Kuran'da Hz. İsa (as)'ın Allah Katına Yükselişi

Peygamberlerin ölümlerinin aktarıldığı kıssalarda geçen kelimelerle, Hz. İsa (as)'ın Allah Katına alınışının anlatıldığı ayetlerin incelenmesi, Hz. İsa (as)'ın durumuyla ilgili önemli bir gerçeği ortaya çıkarmaktadır: Hz. İsa (as) diğer peygamberler gibi vefat etmemiş ya da inkar edenler tarafından öldürülmemiş, Rabbimiz onu Kendi Katına yükseltmiştir. Bu bölümde Hz. İsa (as)'ın ve diğer peygamberlerin ölümlerini ifade eden kelimelerin Arapça karşılıklarını ve Kuran ayetlerinde ne şekilde kullanıldıklarını inceleyeceğiz.
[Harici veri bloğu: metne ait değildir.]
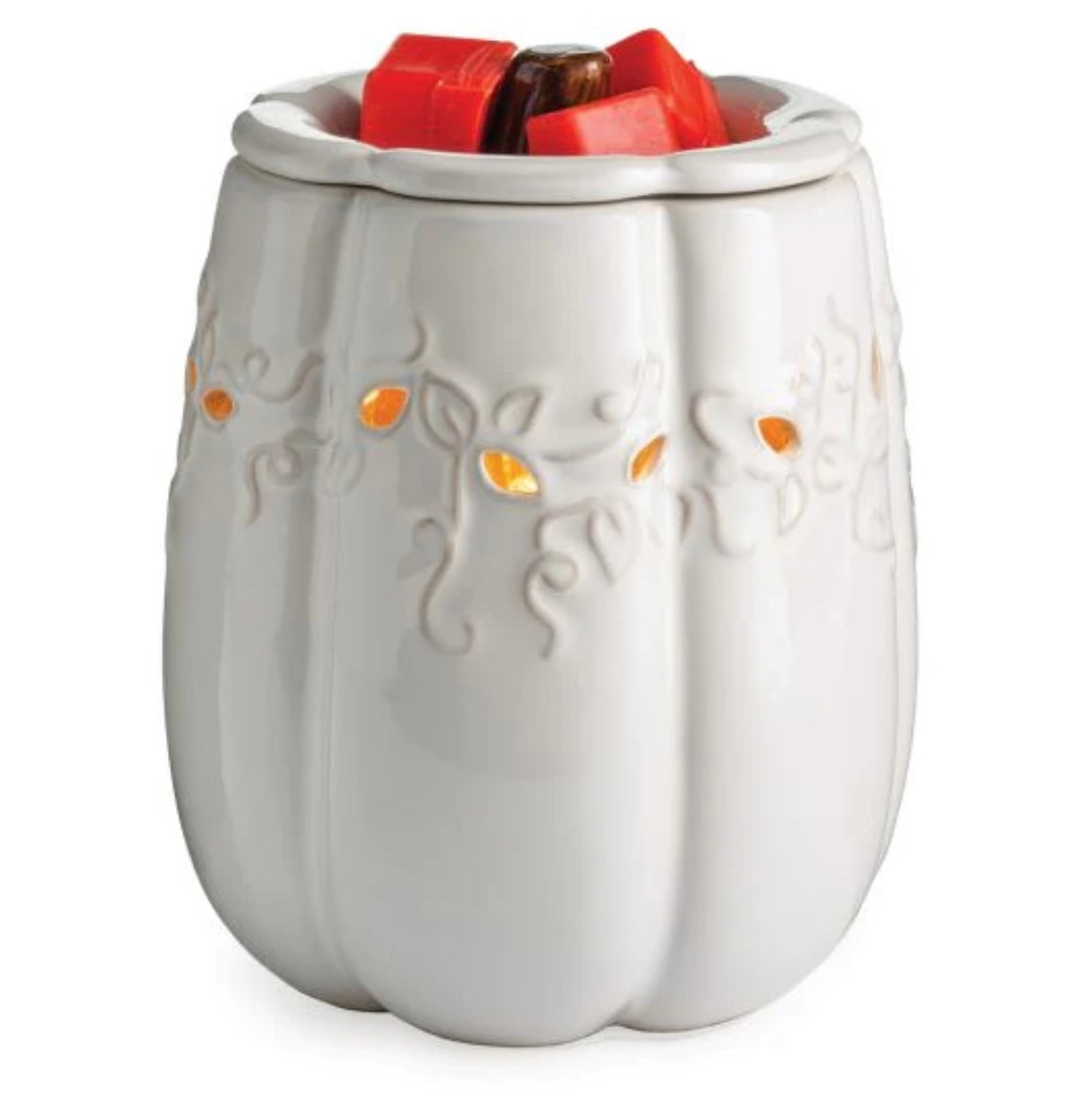 White Pumpkin Wax Melts Warmer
Kuran'da peygamberlerin ölmesi veya öldürülmesiyle ilgili olarak kullanılan kelimeler ileride daha detaylı göreceğimiz gibi "katele (öldürmek), mate (ölmek), haleke (helak olmak), salebe (asmak)" ya da birkaç özel kelimedir. Oysa Hz. İsa (as) için, Kuran'da çok açık bir şekilde, "Onu öldürmediler (ma katelehu) ve asmadılar (ma salebuhu)" ifadesi kullanılarak hiçbir öldürme şekliyle öldürülmediği bildirilmiştir. Allah ayetlerde insanlara Hz.

İsa (as)'ın bir benzerinin gösterildiğini ve onun Kendi Katına yükseltildiğini bildirmektedir. Bu gerçek Al-i İmran Suresi'nde şu şekilde haber verilir:

Hani Allah, İsa'ya demişti ki: "Ey İsa doğrusu seni Ben vefat ettireceğim (müteveffiyke), seni Kendime yükselteceğim (rafiuke), seni inkar edenlerden temizleyeceğim ve sana uyanları kıyamete kadar inkara sapanların üstüne geçireceğim..." (Al-i İmran Suresi, 55)
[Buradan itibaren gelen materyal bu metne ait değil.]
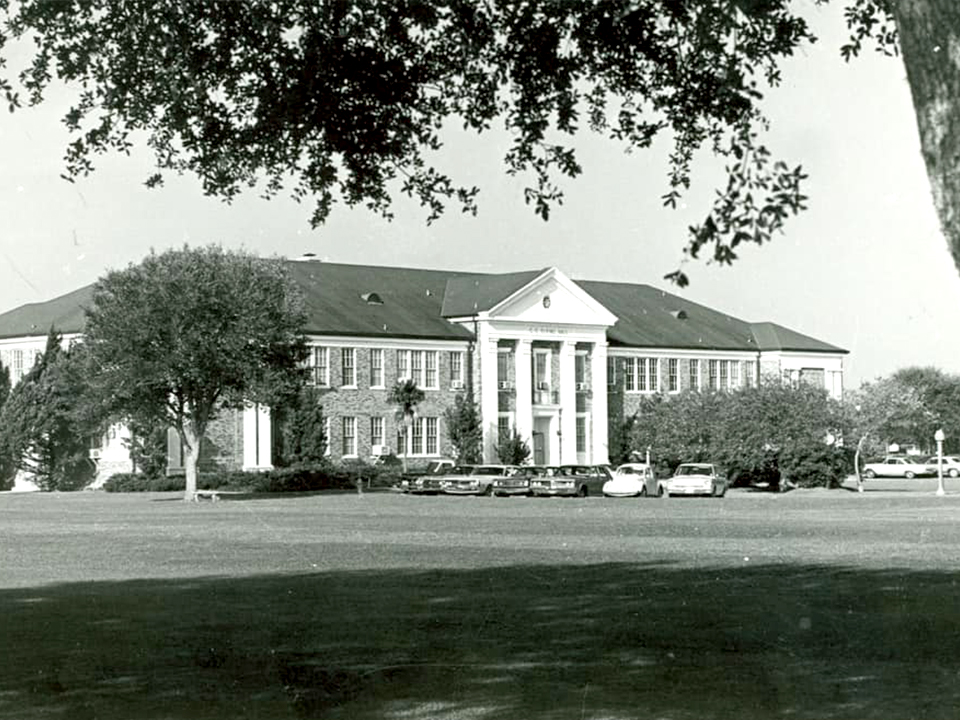 Elkins Hall 1960s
Kuran'da ölüm anlamı içeren kelimelerin ve Al-i İmran Suresi'nde geçen "vefat ettirme" kelimesinin kullanım şekilleri şöyledir:

1) Vefea: Vefat Ettirme

Ayette geçen "vefat" kelimesinin karşılığı Türkçe'de kullanılan ölme anlamından farklı anlamlara gelmektedir.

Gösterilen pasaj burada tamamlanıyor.